# My little boy, Sr. Winston.



## FallingStar (Mar 11, 2008)

Well, I thought I better make a blog about Winston.  Here he is.. 


http://i240.photobucket.com/albums/ff249/karleepearson/GEDC0005.jpg
Also, this pic was taken the first day I got him. 

I'll get some more pics soon! 

But I have a story for you all. I have a litter box in his cage and I come in there this morning and the litter box is turned upside down and the litter is in his food, all over him and all over his cage! I'm not very sure what he did but he must of had some fun! :biggrin2:

KP


----------



## trailsend (Mar 11, 2008)

aww Winston is so cute! that's one of my favorite bunny names. Whata silly guy - he must have a great time making a mess!


----------



## AngelnSnuffy (Mar 11, 2008)

Aww. More pics are in order dear.

That story reminds me of my first bun, he used to tip his litter pan over too:X.


----------



## Bo B Bunny (Mar 12, 2008)

What a pretty boy! Congratulations!


----------



## FallingStar (Mar 12, 2008)

I know, I can just imagine watching him do that.  

Thanks everyone. 

I'm getting pics soon.


----------



## JenniferCameron (Mar 12, 2008)

He's so cute! My Bunny is named Winston too.

<---------


----------



## FallingStar (Mar 12, 2008)

That's so cool Jennifer! What colour is he?


----------



## BSAR (Mar 12, 2008)

FS- She has a picture of a ND on her avatar and he is balck or blue/grey.


----------



## JenniferCameron (Mar 12, 2008)

Yes he is black (with a few white hairs) and a Netherland dwarf.


----------



## FallingStar (Mar 13, 2008)

Awwww. He sounds adorable.


----------



## maisy126 (Mar 14, 2008)

:inlove:He is soooo cute! *hugs Winston*:hug1


----------



## FallingStar (Mar 14, 2008)

Thanks Maisy!


----------



## BlueCamasRabbitry (Mar 17, 2008)

Updates!!! Come on, girl! You got to get some more pictures and stories and stuff! Isn't he going to do rabbit hopping? Maybe you could enlighten (?) us all about that!? lol

Emily


----------



## FallingStar (Mar 18, 2008)

Okay, well my camera isn't working at the moment so I cannot take any pictures to update everyone. :rant: 


But [like BlueSky said] I plan to do rabbit hopping with Winston, and try it with the girls. I'm still waiting for a nice day to start with it. So hopefully I'll get the nice day soon or later..  

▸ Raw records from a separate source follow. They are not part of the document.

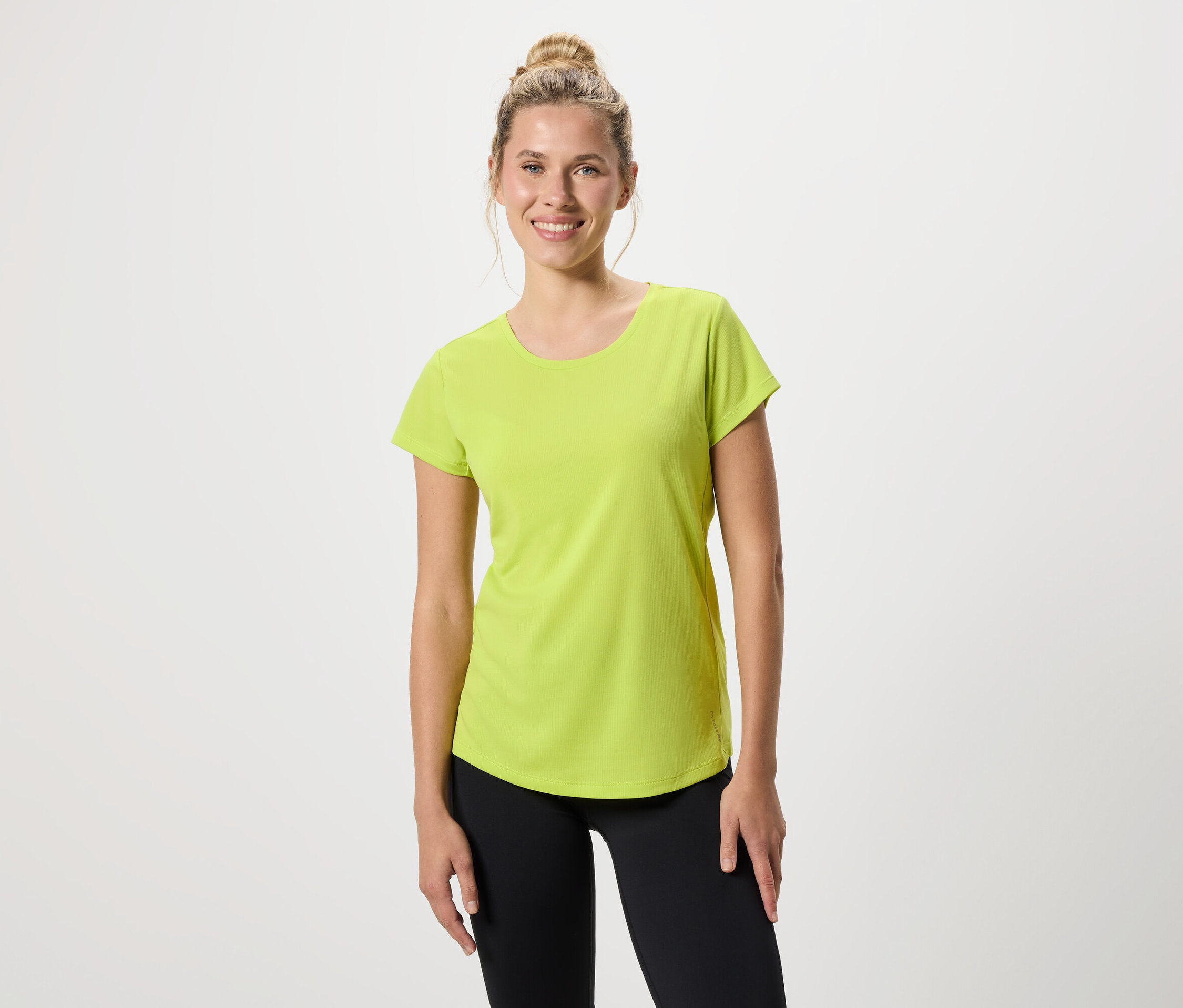 Une femme porte un t-shirt vert clair et un legging noir.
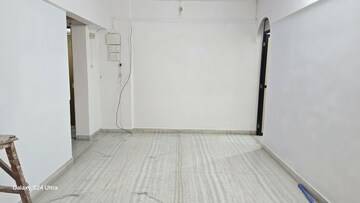 Living Room in 2 BHK Apartment at Atlanta CHS, Malad West – for Rent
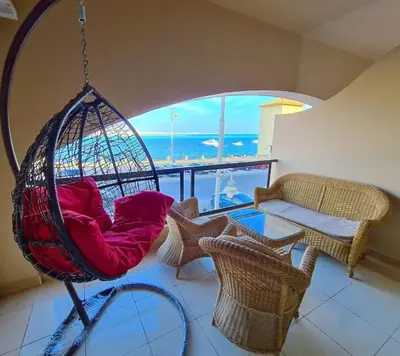 a swing in a living room with a view of the ocean at The View Residence Studio in Hurghada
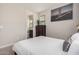 A well lit bedroom that includes an ensuite bathroom, a window, and a modern color palette at 1756 E Bridgeport Pkwy, Gilbert, AZ 85295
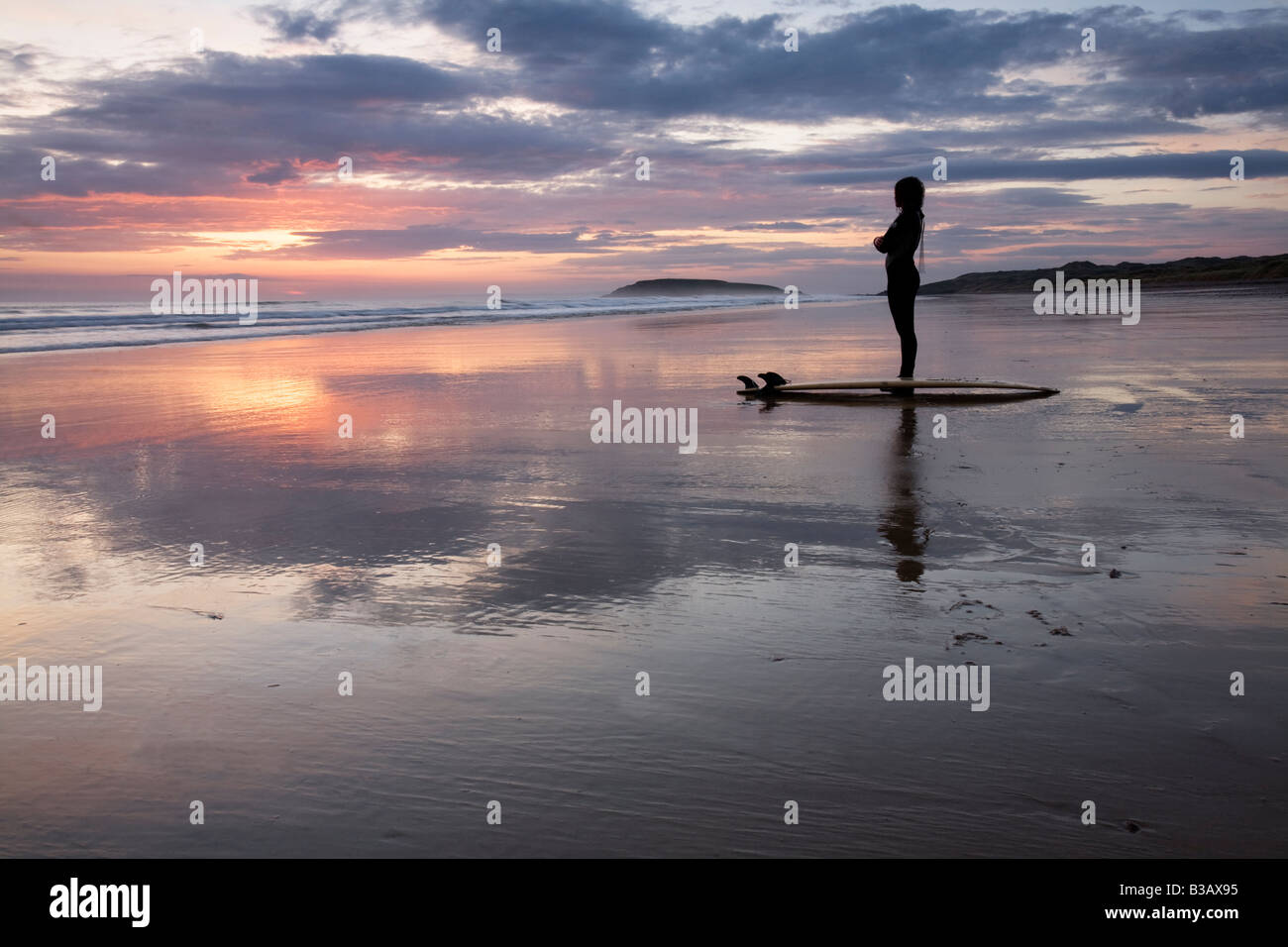 One woman surfer standing in silhouette on beach at sunset with reflections of sunset and clouds in the sand Stock Photo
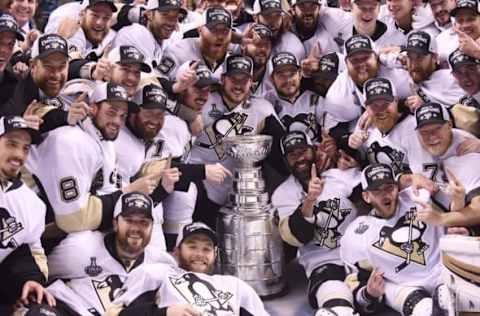 Jun 12, 2016; San Jose, CA, USA; Pittsburgh Penguins center Sidney Crosby (C) and his teammates pose for a team photo with the Stanley Cup after defeating the San Jose Sharks in game six of the 2016 Stanley Cup Final at SAP Center at San Jose. Mandatory Credit: Gary A. Vasquez-USA TODAY Sports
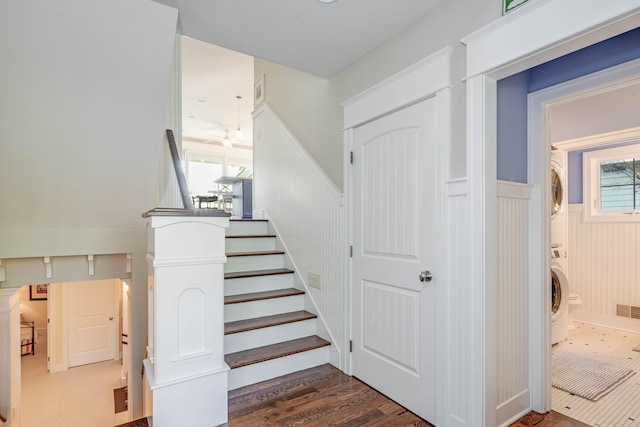 staircase with hardwood / wood-style floors and stacked washer / drying machine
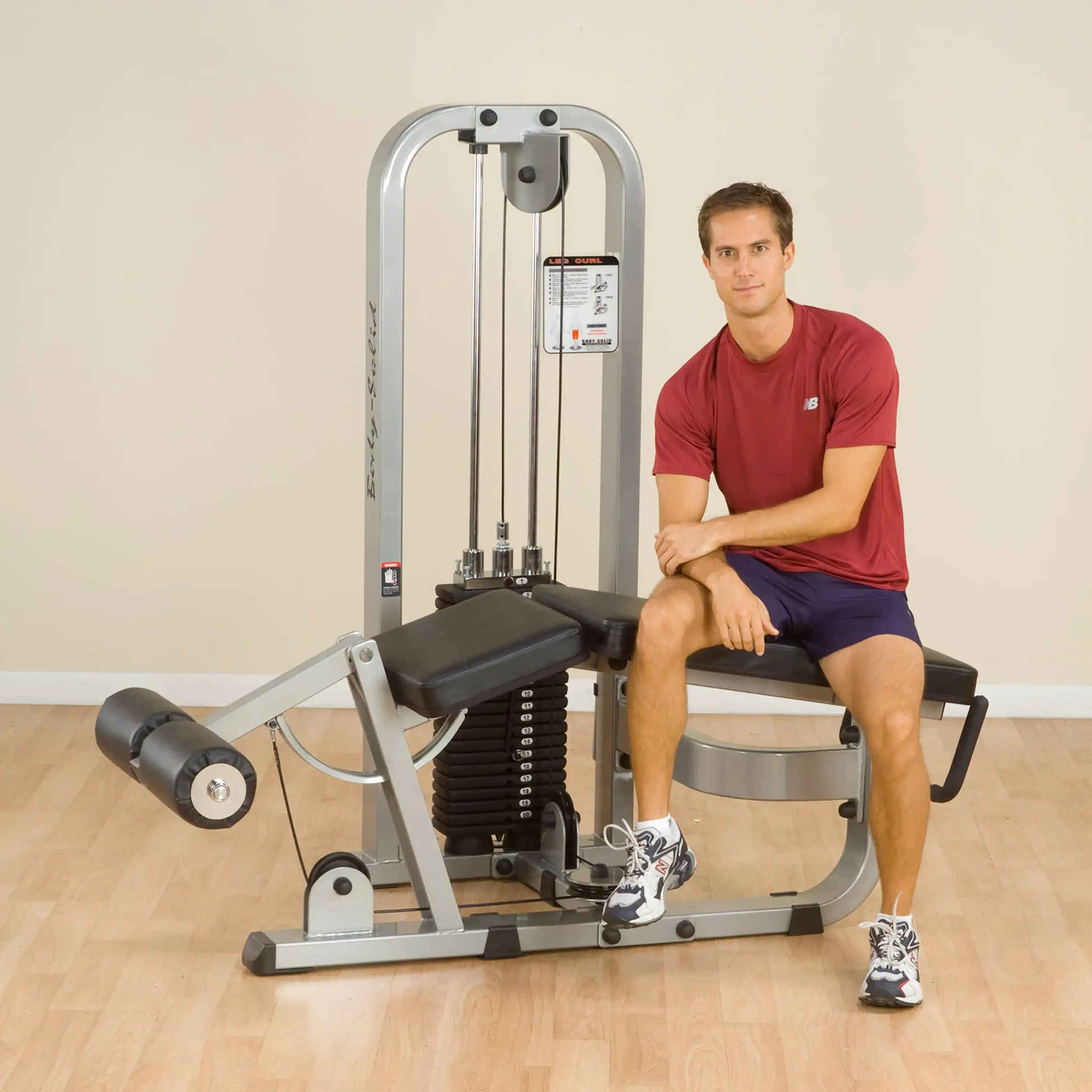 A man sitting on the Body-Solid Pro Clubline Leg Curl Machine SLC400G, demonstrating the equipment in a fitness setting.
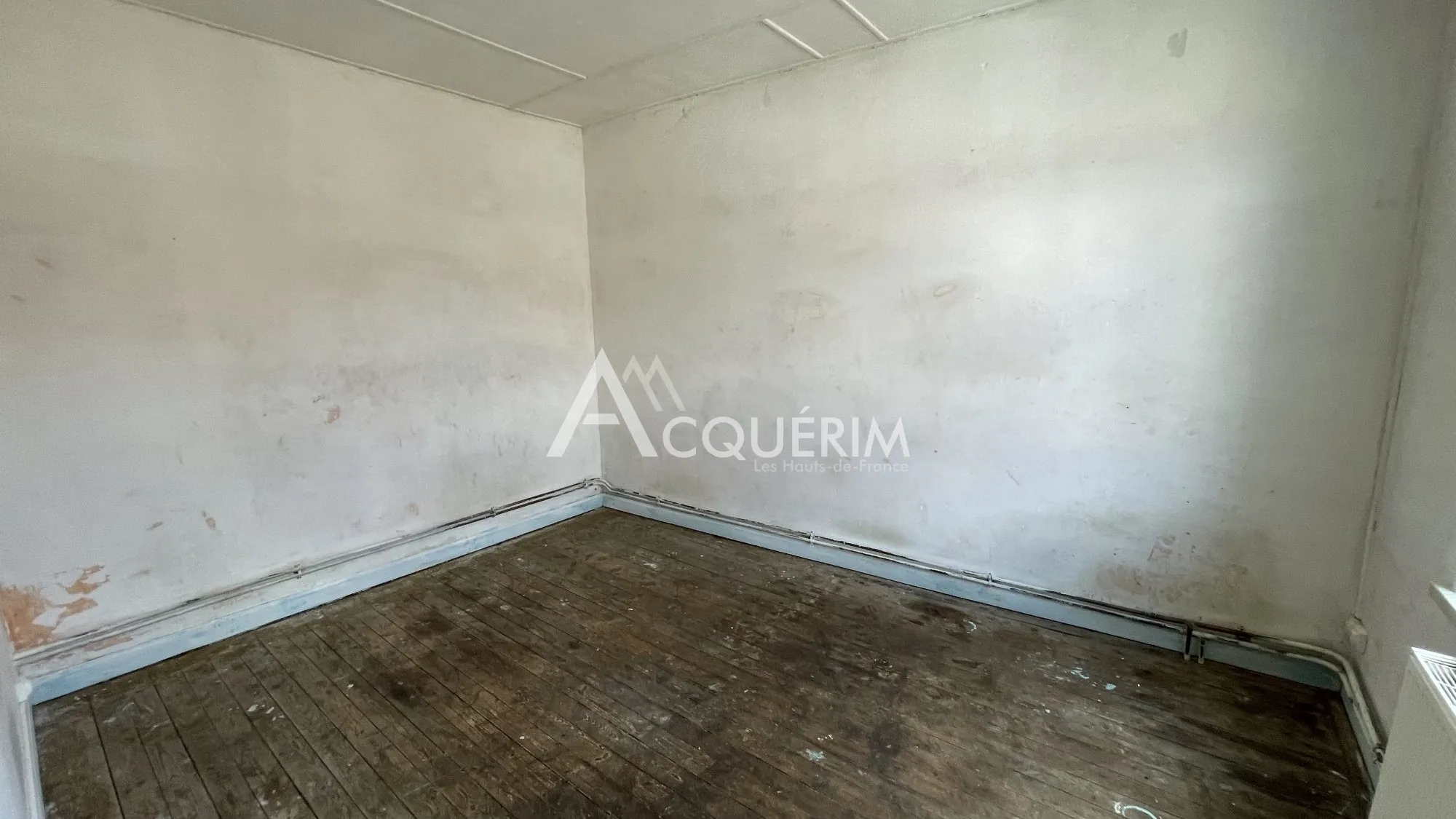 Immeuble de 120 m² à vendre à Carvin, idéal pour activité commerciale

But Winston is getting bigger and bigger. He's starting to move/toss things around in his cage because he doesn't like the way mum -me- puts it in his cage. Haha. Little stinker.  


I've been messing around with my camera and hopefully it will be good and work tomorrow for me. But I'll update again tomorrow, hopefully with pics. 


KP 'n' Buns


----------



## BlueCamasRabbitry (Mar 18, 2008)

Yay! Lol. can't wait! 

Emily


----------



## BlueCamasRabbitry (Mar 20, 2008)

Ahem. Where are the new pictures of that cute little fellar!? lol. 

Winston's so adorable! I just love him! And, of course, I love Butter & Rayne too,  

Emily


----------



## FallingStar (Mar 25, 2008)

Sorry guys that I haven't updated his blog for awhile but, I got some pictures of him today and all.  Here they are..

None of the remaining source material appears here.